The key to victory: Dogs
Think we're kidding?
A couple of years ago we decided to predict the election results by surveying the dogs that we noticed sniffing under the tables at our customers' campaign headquarters. (Well, OK. We soon discovered the dogs couldn't answer the "push" questions. So actually it became more of a count than a survey.)
(Well, really it was more of an observation than a count. But we think it's valid nonetheless.)
Here's what happened: where we noticed dogs, there was an election-night celebration. Where there were no dogs, there were no wins.
Wow. Did we stumble upon some groundbreaking new methodology, or was it just dumb luck? (Or just dumb?)
Anyone who's visited a campaign headquarters knows it can become quite a mess, particularly when things get busy. Usually someone takes a few minutes each day to at least get rid of the leftover food. But when things get really busy, the food just sits there.
Pizza crust. Oreos. Half-empty plastic cups of formerly-carbonated beverages. Dried-out chip dip. Those animal crackers you buy in mini-barrels at Costco. Spilled two-liters. That gravelly spot on the carpet where someone dropped a bag of Cool Ranch Doritos.
(OK. You know where we're going with this. But there's more ... )
Where there are lots of people coming in and out of the headquarters, the law of averages says that sooner or later someone will survey the scene and say, "Wow!

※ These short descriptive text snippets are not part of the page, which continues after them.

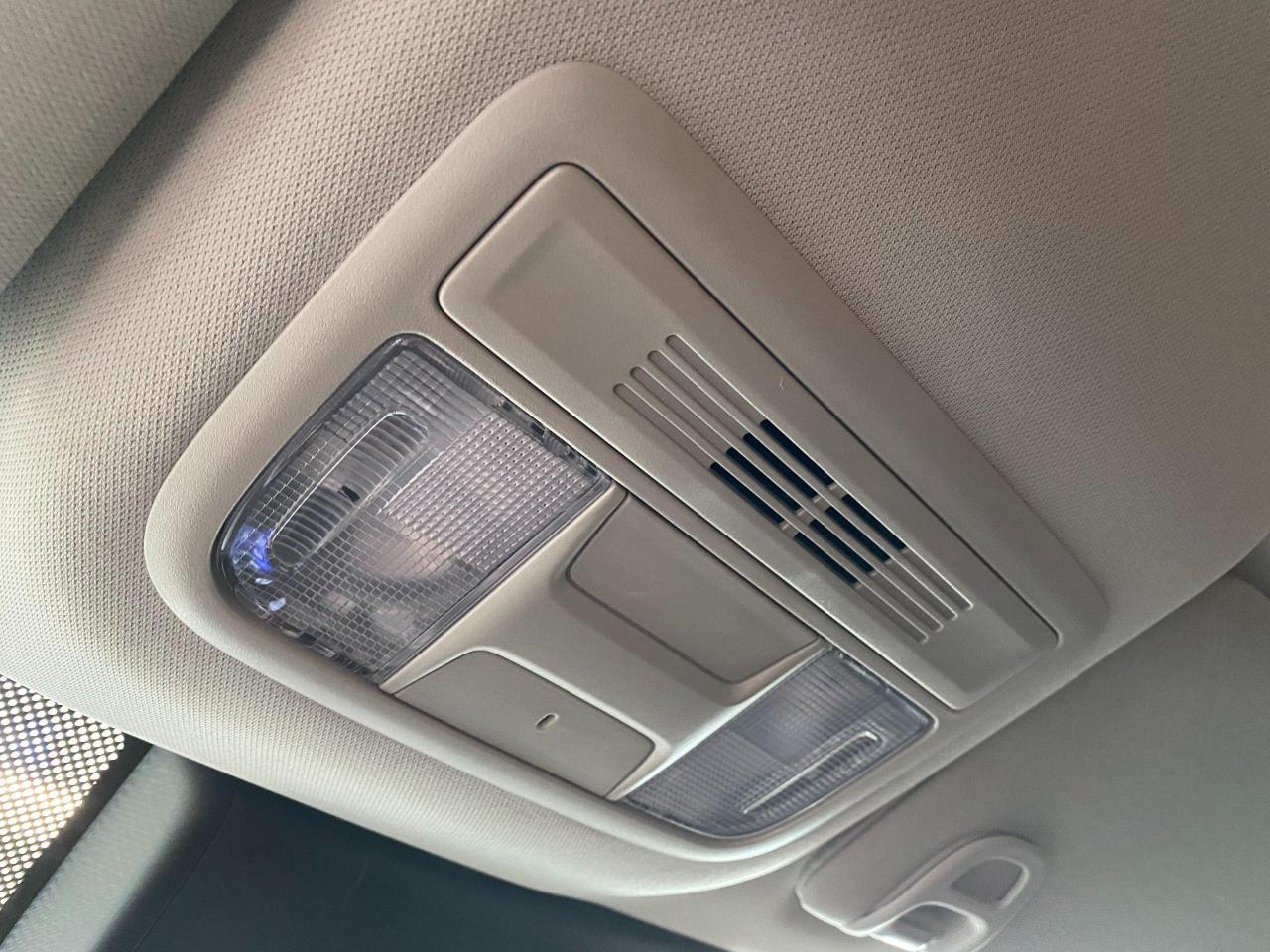 2019 Honda Civic LX+LaneKeep+Adaptive Cruise+ApplePlay+CLEAN CARFAX - Photo #41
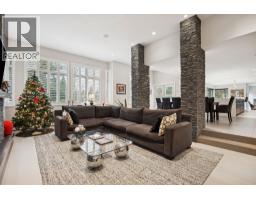 4828 Northwood Place, West Vancouver, BC V7S3C4 Photo 2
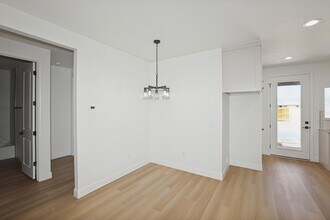 10374 Tierra Santa Dr in Amarillo, TX - Foto de edificio - Building Photo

The dogs would love this!" So she'll run home, open the tailgate for the elated dogs (who seem to sense something big is at hand) and grab an indolent teenager or two, whose reluctance to get into the car is mitigated by the promise of food.
The formula is simple:
Dogs = big mess = lots of food = more people = excitement
Which is precisely what an underdog challenger needs to win.
Failing to grasp the magnitude of the task at hand is, in our experience, the primary reason why candidates lose. It means they're unprepared to recruit the brigade of volunteers and donors necessary to execute a winning campaign plan in every precinct of a vast district. Campaigning is not a go-it-alone endeavor. It requires people. It requires excitement.

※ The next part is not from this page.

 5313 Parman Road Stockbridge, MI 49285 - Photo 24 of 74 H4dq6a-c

Excitement is the magnet that attracts others. Where there's excitement, people feel they're part of something great. Which means they'll want to involve their best friends. Canine or not.
Where there's excitement, there's energy and enthusiasm. The campaign surges into the final weeks with everyone charged by the notion that, yes, we can win! So they'll walk an extra precinct, find more helpers, raise a few extra dollars or make another hundred calls.

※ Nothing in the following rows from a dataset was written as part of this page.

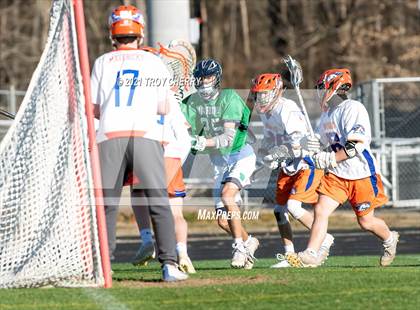 Thumbnail 3 in Weddington @ Marvin Ridge photogallery.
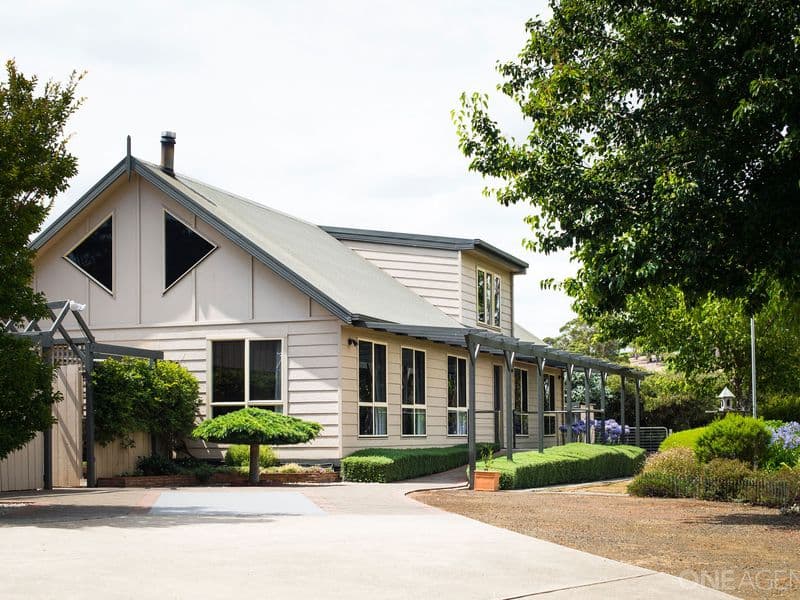 36 Porters Road, Kayena, Kayena - Thumbnail 2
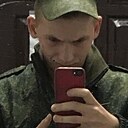 Знакомства: Валик, 19 лет, Гомель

Excitement breeds results. When you're on the side that senses victory, you're hoping for 25 people at your phone bank, and 30 wander in. Because they want to be there. If your side has it's back against the wall, depression sets in. Instead of 25 you get 19, who show up because they have to. Instead of 200 reporting for election-day work, you get 150. That creates a performance gap which is reflected in turnout. Which is what swings the close elections.
The candidate's job, therefore, is to create a recruitment culture that welcomes participation and is organized to leverage the unique talents of every person. And every dog. Who, after a raucous victory celebration, will be happy to clean up. Tails a waggin'.